ATHENS, Ga. — Signs of the strides Ken Malcome has made on and off the field as a Georgia tailback can’t be found just on the depth chart, where he sat at No. 1 entering the preseason.
No, the better indicator might be how Malcome deals with things when they don’t go exactly how he would like.
“If I mess up and get yelled at, I don’t pout and just shut down,” he said.
“I just take it and run with it.”
Ken Malcome 2.0 for the Bulldogs might have started to take shape when he cut the cord in late September, leaving the program ever so briefly before asking coach Mark Richt the next day if he could rejoin the team.
“I said, ‘Yeah, you can come back, but I’d like to see the best Ken Malcome you can possibly be,” Richt said this off-season. “He has turned it around in his attitude towards school, he has turned it around in his attitude towards practice.”
There have been bumps along the road.
Malcome was one of three running backs suspended for the New Mexico State game last November for reportedly failing a drug test, but he’s still here, unlike his friend Isaiah Crowell, who is now at Alabama State after being dismissed from Georgia after a felony weapons arrest in late June.
“I talk to him every day,” Malcome said. “I talk to him all the time about just staying humble and just change for the better.”
Sort of like Malcome.
“Oh, man, it’s a complete 180,” running backs coach Bryan McClendon said. “Now, he did have some things that we had to work through off the field that I think definitely affected how well he was taking stuff. Once I helped him out in that regard, where he was able to focus fully on football, you saw him make leaps and bounds.”
Malcome went from fifth-string at one point last year to leading Georgia in rushing in its final three games, including 51 yards on 12 carries in the Outback Bowl.
SOUTH CAROLINA: Usually having four new assistants is a big problem for a football staff. At South Carolina, it’s just Steve Spurrier’s latest step at chasing a Southeastern Conference title.
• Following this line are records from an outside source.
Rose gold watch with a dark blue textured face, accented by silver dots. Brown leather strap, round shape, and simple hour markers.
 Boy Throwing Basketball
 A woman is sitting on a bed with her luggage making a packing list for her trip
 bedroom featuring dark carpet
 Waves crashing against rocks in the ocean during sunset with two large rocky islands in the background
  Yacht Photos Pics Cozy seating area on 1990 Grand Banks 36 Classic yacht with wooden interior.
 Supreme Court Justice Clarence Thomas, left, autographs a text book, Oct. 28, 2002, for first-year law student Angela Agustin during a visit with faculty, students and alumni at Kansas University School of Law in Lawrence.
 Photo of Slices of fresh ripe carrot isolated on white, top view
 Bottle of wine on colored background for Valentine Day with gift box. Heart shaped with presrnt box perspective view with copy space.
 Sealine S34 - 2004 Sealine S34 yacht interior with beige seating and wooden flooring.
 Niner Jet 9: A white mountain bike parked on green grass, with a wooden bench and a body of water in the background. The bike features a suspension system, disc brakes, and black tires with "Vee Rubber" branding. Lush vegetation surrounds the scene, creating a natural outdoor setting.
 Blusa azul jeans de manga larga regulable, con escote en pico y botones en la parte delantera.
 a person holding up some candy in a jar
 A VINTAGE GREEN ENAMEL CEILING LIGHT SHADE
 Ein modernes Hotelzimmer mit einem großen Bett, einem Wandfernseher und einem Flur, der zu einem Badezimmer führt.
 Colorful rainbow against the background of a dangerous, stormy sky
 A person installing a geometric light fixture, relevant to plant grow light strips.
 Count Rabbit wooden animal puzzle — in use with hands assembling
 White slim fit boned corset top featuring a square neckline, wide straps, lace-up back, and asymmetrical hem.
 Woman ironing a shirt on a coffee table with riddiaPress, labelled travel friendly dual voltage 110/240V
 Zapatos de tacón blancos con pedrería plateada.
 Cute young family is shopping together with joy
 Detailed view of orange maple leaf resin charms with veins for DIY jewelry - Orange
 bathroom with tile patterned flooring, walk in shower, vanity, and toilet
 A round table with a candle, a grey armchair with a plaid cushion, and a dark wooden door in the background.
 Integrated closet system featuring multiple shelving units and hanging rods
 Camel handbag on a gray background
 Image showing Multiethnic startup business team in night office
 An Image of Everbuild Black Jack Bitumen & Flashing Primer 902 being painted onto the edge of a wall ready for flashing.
The Gamecocks head into the season with running backs coach Everette Sands, linebackers coach Kirk Botkin, secondary coach Grady Brown and special teams coordinator Joe Robinson – all first timers on a staff that led the Gamecocks to their most wins in a season ever at 11-2 last fall.
Add in Lorenzo Ward becoming the team’s first-time defensive coordinator and the loss of strength coach Craig Fitzgerald and it seems like a lot of turnover for a team on the rise.
“We haven’t had nearly the turnover some of those other boys have had,” Spurrier said with a grin Sunday.
Spurrier said the group’s quickly fit and kept the Gamecocks grinding through a largely quiet off-season.
In fact, Spurrier’s found it kind of fun to peek in on the new guys and find out how they do things. He’s done it a lot with Robinson, who coached at North Carolina last season and at LSU the three years before that.
“He knows his stuff,” Spurrier said. “I’ve really enjoyed coming in to special teams meetings and watching him explain things to the guys.”
Ward had been on South Carolina’s staff the previous three years and Spurrier promoted from within when defensive coordinator Ellis Johnson became head coach at Southern Miss last December.
Botkin picks up Ward’s position spot at linebacker with former Southern Miss assistant Brown essentially swapping places with ex-South Carolina secondary coach Jeep Hunter, now with Johnson on the Eagles’ staff.
Sands was hired to replace Jay Graham, who left to coach running backs at his alma mater of Tennessee.
Last year’s special teams coach John Butler took a spot on Bill O’Brien’s staff at Penn State as did Fitzgerald. Joe Connolly, Fitzgerald’s assistant at South Carolina, was promoted to lead the weight room.